_Your instructions:_
Nothing but the pictures should go missing; return all the entries below exactly.

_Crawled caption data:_

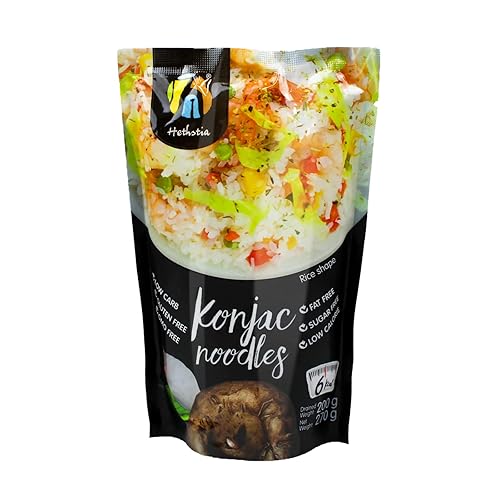 Miniatura 9 de Hethstia Arroz Shirataki, paquete de 6 arroz Konjac bajo en carbohidratos, keto, vegano, sin gluten, sin azúcar, bajo en calorías, 0 grasas,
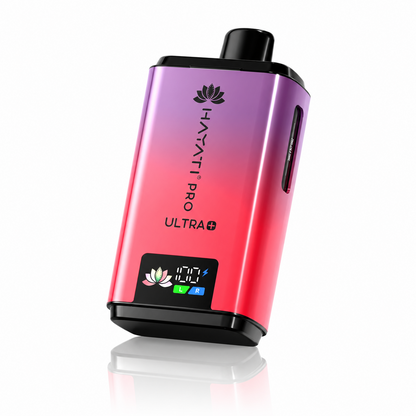 Hayati Pro Ultra Plus device shown on a pure white background with clear device detailing.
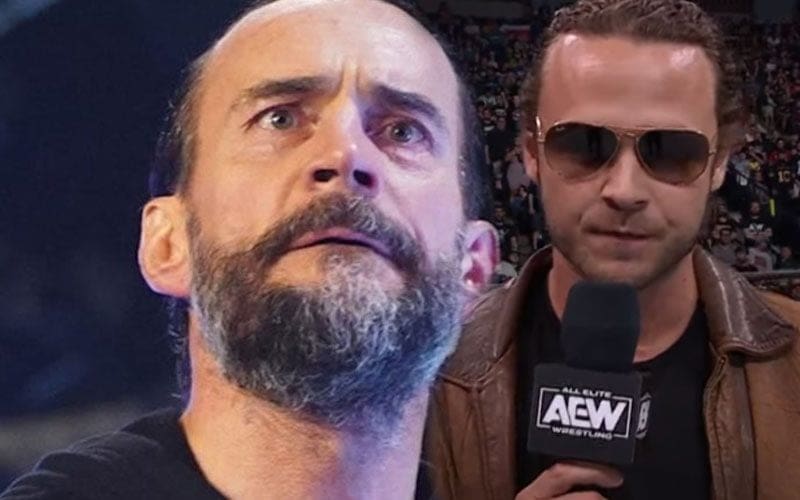 AEW Production Team Had To Stall For Time After CM Punk & Jack Perry Fight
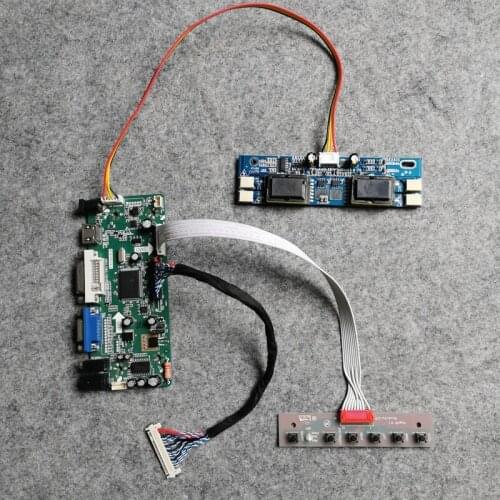 1280*1024 M.NT68676 4CCFL Kit VGA+DVI LVDS 30 Pin LCD display controller board Fit L170E3/M170EN04/M170EN05/M170EN06 matrix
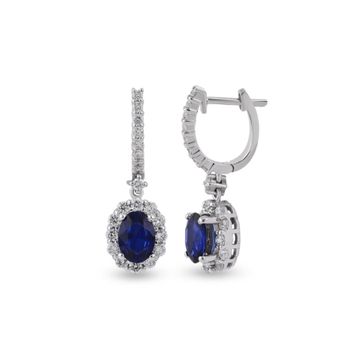 Harem Altın RTK35 2.50 ct Safir Pırlanta Küpe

_Result for this exercise:_
 Miniatura 9 de Hethstia Arroz Shirataki, paquete de 6 arroz Konjac bajo en carbohidratos, keto, vegano, sin gluten, sin azúcar, bajo en calorías, 0 grasas,
 Hayati Pro Ultra Plus device shown on a pure white background with clear device detailing.
 AEW Production Team Had To Stall For Time After CM Punk & Jack Perry Fight
 1280*1024 M.NT68676 4CCFL Kit VGA+DVI LVDS 30 Pin LCD display controller board Fit L170E3/M170EN04/M170EN05/M170EN06 matrix
 Harem Altın RTK35 2.50 ct Safir Pırlanta Küpe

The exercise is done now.